If I were given the diameter of the sphere and in order for the patches to cover the entire surface perfectly how to know how big each circular unit should be and how many of them are needed?

If I were given the diameter of the sphere and in order for the patches to cover the entire surface perfectly how to know how big each circular unit should be and how many of them are needed?

I don't think there is a single right answer. Obviously the smaller you make the circles the more of them can fit around the sphere. If you make the circle equal radius to the sphere then you can fit one (the equator).

But maybe you could look into the Tammes Problem, I think this deals with the same thing.

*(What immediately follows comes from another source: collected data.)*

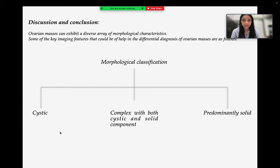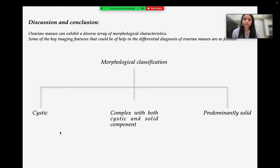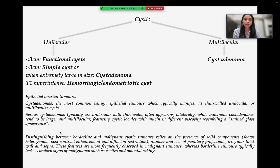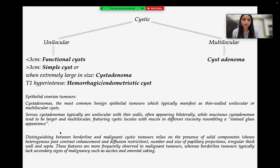Ovarian masses can exhibit a diverse array of morphological characteristics. Key imaging features helpful in differential diagnosis include morphological division into cystic, complex (both solid and cystic components), and predominantly solid categories. When cystic, the lesion can be unilocular or multilocular. In unilocular lesions, those less than 3 cm are likely functional cysts; those greater than 3 cm can be simple cysts, and extremely large ones suggest cyst adenoma. Presence of T1 hyperintensity within the cyst indicates a hemorrhagic or endometriotic cyst. When multilocular, cyst adenoma is favored.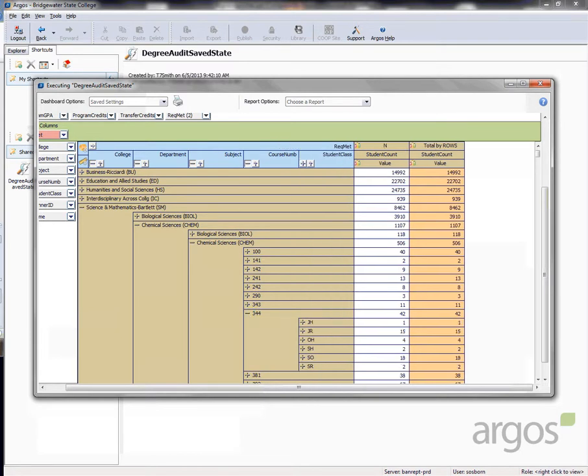You can now see the number of students in each class that have not yet met the requirement for Chem 344. You can drill down further to view the banner ID and names of these students.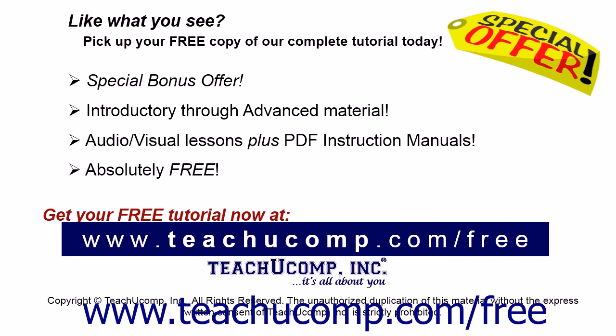Like what you see? Pick up your free copy of the complete tutorial at www.teachucomp.com/free.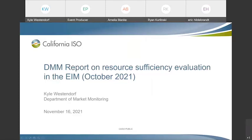Good afternoon, everybody, and thank you for joining our call today. This call is regarding our most recent report on the EIM Resource Efficiency Evaluation in the Energy and Balance Market for October, which was published last Friday, November 12th.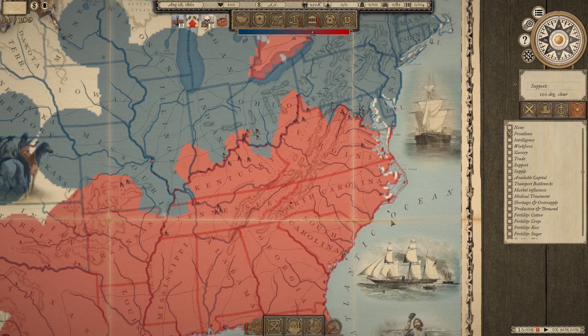Hey, Brambrough here with some Grand Tactician Civil War, our CSA campaign in the 1.06 beta.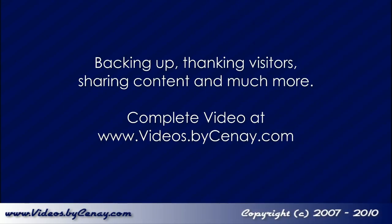This excerpt was provided as a courtesy to my YouTube subscribers. To see the rest of the video, please visit its home page by clicking the link in the description.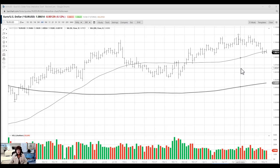Hi everyone, this is May 16th, midday in the U.S. My name is Michelle Schneider-Misch. I am the Chief Strategist of MarketGage.com and a managing member of MarketGage Asset Management LLC.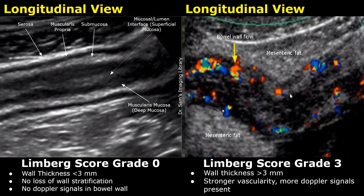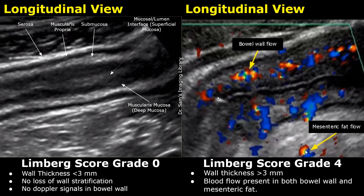Grade 4 is the most severe form. You will find increased vascularity in the bowel wall and increased vascularity in the surrounding hyperechoic mesenteric fat. Color Doppler signals are seen not only in the bowel wall, but also in the mesenteric fat.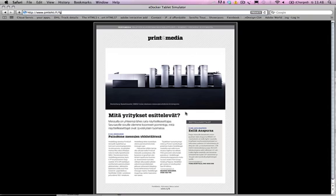And this even works without online connection. Of course you have to have online connection when you first time go to this magazine with your iPad. But after you have installed it to your home screen, you won't even need online connection to browse through the pages. Hopefully you like this system. And you will find some more information from the same page. Thank you.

If the circles are to all be the same diameter, I don't think it is geometrically possible. This is not my specialty, so please someone show me I'm wrong.

Six circles fit exactly around one circle when all are in the same plane and have the same diameter. This works for any diameter circle.

However, when you constrain the circles to the surface of the sphere, they can no longer be in the same plane. From the pole, as the surrounding circles adhere to the sphere's surface AND maintain their tangency to the pole circle their centers must move down and closer to the pole axis. If their diameter does not change, they must overlap. Maintaining their tangency to each other is in conflict with the other constraints.

Draw the six-around-one circle figure on a flat sheet of paper (a plane). Now begin to fold that paper into a sphere... the paper must be deformed - along with the circles - to achieve the approximate the sphere shape.

Daen